In fact, banks and financial institutions are required to undertake Risk Modelling as per Basel II regulations to meet formal capital adequacy guidelines. In the past, a large portion of the risk analysis was done qualitatively, but with the availability of powerful computing platforms, quantitative risk analysis can be carried out easily and accurately. 

 Compliance Risk Assessment 

 Today’s Risk Platforms use robotic process automation to trawl through large amounts of structured and unstructured data (including social media) and global statutory databases to find red flags about counterparties (customers, distributors, suppliers, etc.) and key individuals. Some significant elements about which these platforms gather data include Anti-Money Laundering (AML), Politically Exposed Persons (PEP), and International Sanctions Lists, such as OFAC and International Police (Interpol) notices. If a positive match is found in such databases, the transaction is held in abeyance and the counterparty is flagged for further due diligence by the compliance team of the company, bank, or financial institution.

 Fraud and Identity Checks

 Identity theft is a serious problem. Risk Platforms incorporate Fraud and Identity Solutions, which carry out accurate Know-Your-Customer (KYC) checks on counterparties. These platforms verify identity using Application Programming Interfaces (APIs) that instantly run checks on national identity, taxation, and company registration databases. If there is no accurate match with the individual identity or company registration data, the counterpart could be fraudulent and is therefore red-flagged. 

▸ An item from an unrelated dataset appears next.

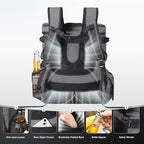 Beach Cooler Backpack for Men 36cans Insulated Backpack Cooler Lunch Bag for - Image 5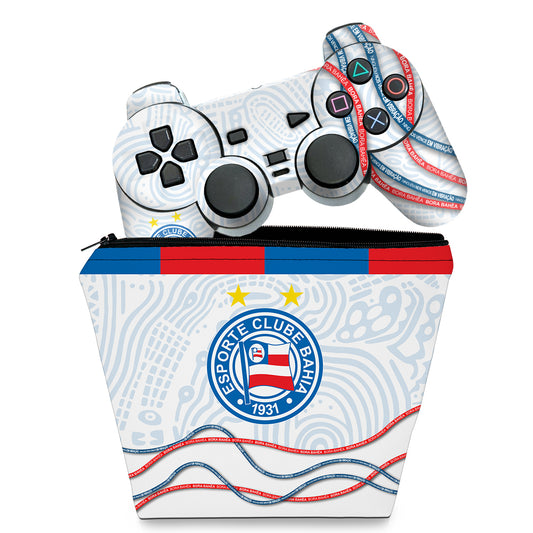 KIT Capa Case e Skin PS2 Controle  - Bahia A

 Risk Scoring and Automated Credit Limit Setting 

 Risk Platforms have scoring models that attach a Risk score to individual counterparties based on several financial and non-financial factors (identity, statutory compliance, litigation, management, age of the company, financial performance, employee and customer scores, etc.).   

Credit Limit setting is often a contentious exercise in companies. Sales teams want higher credit to be provided to customers whereas financial controllers tend to be cautious in terms of deciding credit limits and terms. Credit limits depend on the overall risk score of a counterparty and also on its payment track record as captured on the platform.  

Once the Credit Limit Setting model is agreed upon by the finance and sales teams, it is deployed on the risk management platform. These models can be customised for industry type, geography, the legal constitution of counterparties, or other variables.  

There is now an objective, automated model for credit-limit setting and approval; if a salesperson wants a higher limit for a customer, an exceptional approval needs to be obtained from the finance team, which can do so after evaluating the risks involved. The customer’s credit limit is also automatically monitored on the platform and based on their payment behaviour and changes in the external risk environment, the credit limit can be enhanced or reduced.   

In conclusion, an organisation’s sustainability, strength, and growth are heavily dependent on its CFO’s vision and direction. CFOs need the help of Next-Gen Risk Management platforms not only to help them identify, mitigate, and monitor risks but also to provide data-driven insights for growing the business.